Fue muchos años después de este hecho, una mañana de sábado, todavía en el pueblo donde conocimos al padre Faustino, cuando recibimos la visita de uno de sus antiguos pacientes. Nos dijo que había tardado bastantes días en llegar hasta ese lugar, que necesitaba hablar en privado con mi mujer para “que le salvase la vida”. Parecía nervioso, asuntado, como si se escondiese de algo o de alguien. Pasamos al interior de la casa y, mi mujer, educadamente, le sirvió un plato de comida caliente. También le dio la posibilidad de darse una ducha, oferta que desestimó. Cuando terminó el postre, se fue al cuarto de baño. Tardó casi una hora en volver. Entendimos, por su estado, que estaba poniéndose un pico. Una vez de vuelta, un tanto salido de sus casillas, nos contó el motivo de la visita. Al parecer, había viajado desde la ciudad para pedir que volviese al centro de drogodependientes. Desde que se había marchado, ninguno de los doctores había tirado de la morfina para curar los monos por la falta de heroína. Que además estaban habiendo muchas faltas en las entregas de metadona por problemas del centro con la administración.

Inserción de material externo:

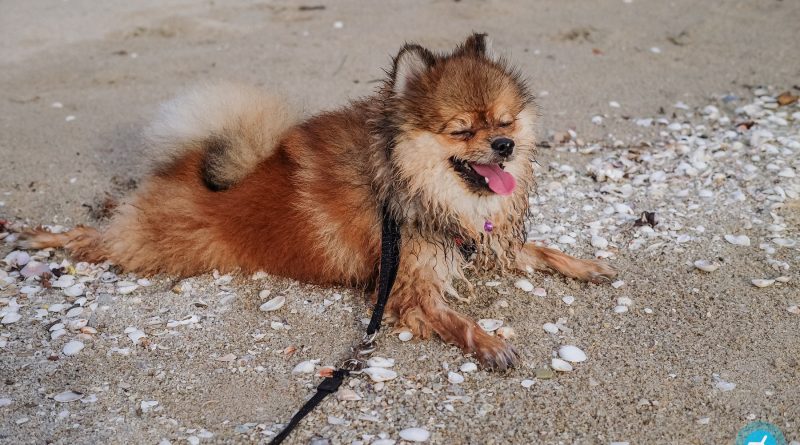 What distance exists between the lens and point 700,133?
5.94m

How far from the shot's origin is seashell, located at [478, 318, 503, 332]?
367 centimetres

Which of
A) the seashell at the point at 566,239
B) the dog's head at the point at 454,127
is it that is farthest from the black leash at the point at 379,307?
the seashell at the point at 566,239

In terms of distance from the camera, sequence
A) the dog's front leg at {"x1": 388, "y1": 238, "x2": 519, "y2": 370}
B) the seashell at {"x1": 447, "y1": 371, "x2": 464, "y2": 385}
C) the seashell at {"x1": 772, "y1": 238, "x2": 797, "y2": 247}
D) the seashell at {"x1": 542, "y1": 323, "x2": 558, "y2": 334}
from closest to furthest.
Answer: the seashell at {"x1": 447, "y1": 371, "x2": 464, "y2": 385} < the dog's front leg at {"x1": 388, "y1": 238, "x2": 519, "y2": 370} < the seashell at {"x1": 542, "y1": 323, "x2": 558, "y2": 334} < the seashell at {"x1": 772, "y1": 238, "x2": 797, "y2": 247}

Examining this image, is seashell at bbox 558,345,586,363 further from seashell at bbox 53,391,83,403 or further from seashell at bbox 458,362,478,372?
seashell at bbox 53,391,83,403

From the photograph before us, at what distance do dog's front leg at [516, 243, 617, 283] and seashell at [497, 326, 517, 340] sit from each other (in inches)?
23.5

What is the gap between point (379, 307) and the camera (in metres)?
3.51

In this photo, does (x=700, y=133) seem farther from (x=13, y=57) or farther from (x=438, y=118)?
(x=13, y=57)

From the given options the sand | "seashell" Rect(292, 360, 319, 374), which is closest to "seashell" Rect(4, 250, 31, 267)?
the sand

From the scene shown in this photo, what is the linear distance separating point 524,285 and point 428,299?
2.26ft

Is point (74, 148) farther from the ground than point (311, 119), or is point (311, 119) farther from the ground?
point (311, 119)

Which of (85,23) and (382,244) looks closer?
(382,244)

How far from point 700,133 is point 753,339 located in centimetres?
289

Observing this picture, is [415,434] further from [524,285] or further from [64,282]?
[64,282]

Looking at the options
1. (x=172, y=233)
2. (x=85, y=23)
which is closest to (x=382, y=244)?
(x=172, y=233) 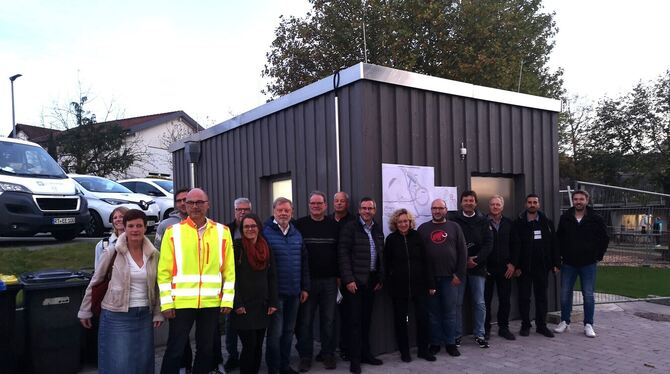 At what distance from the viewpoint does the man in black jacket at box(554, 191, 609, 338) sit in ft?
19.7

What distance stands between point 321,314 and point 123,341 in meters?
1.93

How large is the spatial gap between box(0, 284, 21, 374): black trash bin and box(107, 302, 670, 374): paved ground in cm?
130

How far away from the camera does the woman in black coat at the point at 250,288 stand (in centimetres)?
418

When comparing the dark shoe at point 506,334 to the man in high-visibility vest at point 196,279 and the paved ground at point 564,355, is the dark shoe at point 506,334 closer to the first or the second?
the paved ground at point 564,355

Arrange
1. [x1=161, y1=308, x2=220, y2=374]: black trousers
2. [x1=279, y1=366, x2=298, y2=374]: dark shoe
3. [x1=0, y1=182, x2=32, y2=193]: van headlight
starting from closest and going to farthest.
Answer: [x1=161, y1=308, x2=220, y2=374]: black trousers, [x1=279, y1=366, x2=298, y2=374]: dark shoe, [x1=0, y1=182, x2=32, y2=193]: van headlight

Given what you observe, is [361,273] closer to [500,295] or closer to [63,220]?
[500,295]

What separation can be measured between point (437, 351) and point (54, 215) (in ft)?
25.6

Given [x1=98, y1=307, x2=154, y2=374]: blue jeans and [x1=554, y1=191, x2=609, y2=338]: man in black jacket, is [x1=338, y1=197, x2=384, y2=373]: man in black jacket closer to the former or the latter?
[x1=98, y1=307, x2=154, y2=374]: blue jeans

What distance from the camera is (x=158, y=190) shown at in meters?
14.9

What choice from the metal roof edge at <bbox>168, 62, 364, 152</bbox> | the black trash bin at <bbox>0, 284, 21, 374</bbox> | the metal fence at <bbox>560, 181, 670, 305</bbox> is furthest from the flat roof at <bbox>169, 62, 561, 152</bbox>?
the black trash bin at <bbox>0, 284, 21, 374</bbox>

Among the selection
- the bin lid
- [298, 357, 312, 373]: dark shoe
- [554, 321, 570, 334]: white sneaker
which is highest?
the bin lid

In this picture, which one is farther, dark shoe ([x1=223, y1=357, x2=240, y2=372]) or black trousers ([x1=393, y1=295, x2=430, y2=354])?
black trousers ([x1=393, y1=295, x2=430, y2=354])

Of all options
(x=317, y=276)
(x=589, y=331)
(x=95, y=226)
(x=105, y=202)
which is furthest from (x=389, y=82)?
(x=95, y=226)

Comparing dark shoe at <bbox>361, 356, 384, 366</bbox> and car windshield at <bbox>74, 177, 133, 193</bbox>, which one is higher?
car windshield at <bbox>74, 177, 133, 193</bbox> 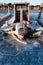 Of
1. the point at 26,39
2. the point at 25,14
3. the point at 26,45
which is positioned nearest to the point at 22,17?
the point at 25,14

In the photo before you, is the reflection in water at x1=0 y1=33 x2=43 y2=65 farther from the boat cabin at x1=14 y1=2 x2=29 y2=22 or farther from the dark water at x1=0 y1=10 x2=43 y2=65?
the boat cabin at x1=14 y1=2 x2=29 y2=22

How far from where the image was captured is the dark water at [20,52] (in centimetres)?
2084

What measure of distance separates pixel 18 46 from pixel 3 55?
13.1 ft

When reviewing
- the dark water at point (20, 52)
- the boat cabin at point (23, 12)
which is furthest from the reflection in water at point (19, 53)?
the boat cabin at point (23, 12)

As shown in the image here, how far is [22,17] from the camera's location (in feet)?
146

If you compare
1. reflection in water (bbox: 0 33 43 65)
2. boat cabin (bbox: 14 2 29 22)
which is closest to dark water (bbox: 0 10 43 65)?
reflection in water (bbox: 0 33 43 65)

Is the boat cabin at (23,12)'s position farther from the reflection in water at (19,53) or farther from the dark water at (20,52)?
the reflection in water at (19,53)

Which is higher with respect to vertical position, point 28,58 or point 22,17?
point 28,58

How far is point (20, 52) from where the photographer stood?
23.9m

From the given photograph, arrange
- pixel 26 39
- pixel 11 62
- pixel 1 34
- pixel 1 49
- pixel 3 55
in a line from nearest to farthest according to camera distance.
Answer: pixel 11 62, pixel 3 55, pixel 1 49, pixel 26 39, pixel 1 34

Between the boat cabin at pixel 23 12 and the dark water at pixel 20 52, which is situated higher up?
the dark water at pixel 20 52

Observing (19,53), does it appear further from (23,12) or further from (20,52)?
(23,12)

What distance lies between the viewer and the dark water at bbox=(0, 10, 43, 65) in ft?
68.4

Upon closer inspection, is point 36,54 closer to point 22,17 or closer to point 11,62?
point 11,62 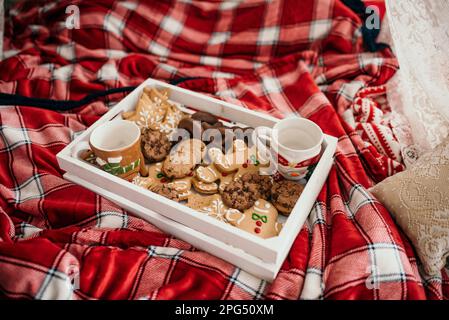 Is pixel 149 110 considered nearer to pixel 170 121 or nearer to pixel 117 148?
pixel 170 121

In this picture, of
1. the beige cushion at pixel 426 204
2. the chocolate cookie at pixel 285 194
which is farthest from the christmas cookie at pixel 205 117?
the beige cushion at pixel 426 204

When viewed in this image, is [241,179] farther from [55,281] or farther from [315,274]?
[55,281]

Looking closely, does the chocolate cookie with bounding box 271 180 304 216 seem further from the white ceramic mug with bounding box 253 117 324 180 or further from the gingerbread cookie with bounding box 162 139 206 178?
the gingerbread cookie with bounding box 162 139 206 178

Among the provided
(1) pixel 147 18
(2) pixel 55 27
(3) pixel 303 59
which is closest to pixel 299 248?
(3) pixel 303 59

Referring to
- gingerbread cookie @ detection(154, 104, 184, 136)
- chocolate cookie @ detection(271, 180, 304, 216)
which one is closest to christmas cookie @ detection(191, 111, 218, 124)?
gingerbread cookie @ detection(154, 104, 184, 136)

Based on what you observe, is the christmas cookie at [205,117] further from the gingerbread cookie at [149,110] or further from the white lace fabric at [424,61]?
the white lace fabric at [424,61]

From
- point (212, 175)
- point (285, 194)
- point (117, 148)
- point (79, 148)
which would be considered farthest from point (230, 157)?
point (79, 148) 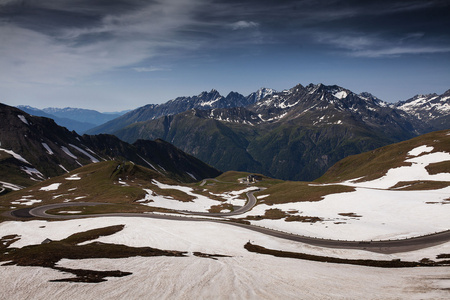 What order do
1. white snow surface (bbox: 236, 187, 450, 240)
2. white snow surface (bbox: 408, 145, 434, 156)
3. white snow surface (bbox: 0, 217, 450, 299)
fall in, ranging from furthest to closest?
white snow surface (bbox: 408, 145, 434, 156) < white snow surface (bbox: 236, 187, 450, 240) < white snow surface (bbox: 0, 217, 450, 299)

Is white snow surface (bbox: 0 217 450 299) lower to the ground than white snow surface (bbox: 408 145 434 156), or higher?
lower

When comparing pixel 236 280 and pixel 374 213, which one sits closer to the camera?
pixel 236 280

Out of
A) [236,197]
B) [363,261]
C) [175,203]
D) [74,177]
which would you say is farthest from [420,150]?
[74,177]

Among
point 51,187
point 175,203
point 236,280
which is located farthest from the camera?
point 51,187

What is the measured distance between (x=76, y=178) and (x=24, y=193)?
30848mm

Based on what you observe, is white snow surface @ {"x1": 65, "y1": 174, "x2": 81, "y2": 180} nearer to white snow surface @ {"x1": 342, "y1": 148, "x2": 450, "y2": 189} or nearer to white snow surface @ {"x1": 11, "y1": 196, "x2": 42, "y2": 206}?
white snow surface @ {"x1": 11, "y1": 196, "x2": 42, "y2": 206}

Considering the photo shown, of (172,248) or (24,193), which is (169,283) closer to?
(172,248)

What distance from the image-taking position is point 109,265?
31.4 m

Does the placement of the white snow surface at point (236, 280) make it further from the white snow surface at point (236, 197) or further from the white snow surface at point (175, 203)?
the white snow surface at point (236, 197)

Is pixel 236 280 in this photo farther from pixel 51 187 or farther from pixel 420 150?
pixel 51 187

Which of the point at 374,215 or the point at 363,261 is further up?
the point at 363,261

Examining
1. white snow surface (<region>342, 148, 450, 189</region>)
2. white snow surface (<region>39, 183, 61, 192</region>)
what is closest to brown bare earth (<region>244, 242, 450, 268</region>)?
white snow surface (<region>342, 148, 450, 189</region>)

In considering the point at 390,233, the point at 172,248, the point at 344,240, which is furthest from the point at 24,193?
the point at 390,233

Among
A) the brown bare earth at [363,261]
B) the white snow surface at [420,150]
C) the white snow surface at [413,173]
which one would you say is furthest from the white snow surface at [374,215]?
the white snow surface at [420,150]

En un principio mi mujer se mostró reticente. No quiso meterse en lo que consideró un escoyo, que además podría truncar su carrera profesional. Pero una vez el chico se marchó, en mitad de la noche, se sentó sobre la cama, me despertó y, empapada en sudor, me dijo:
– ¡Tenemos que ayudar a esos pobres! Imagínate que esto mismo le pasase a nuestra hija.
Tengo que decir que en qué maldita hora pronunció esas palabras. Aquella construcción lingüística nos condenó de por vida.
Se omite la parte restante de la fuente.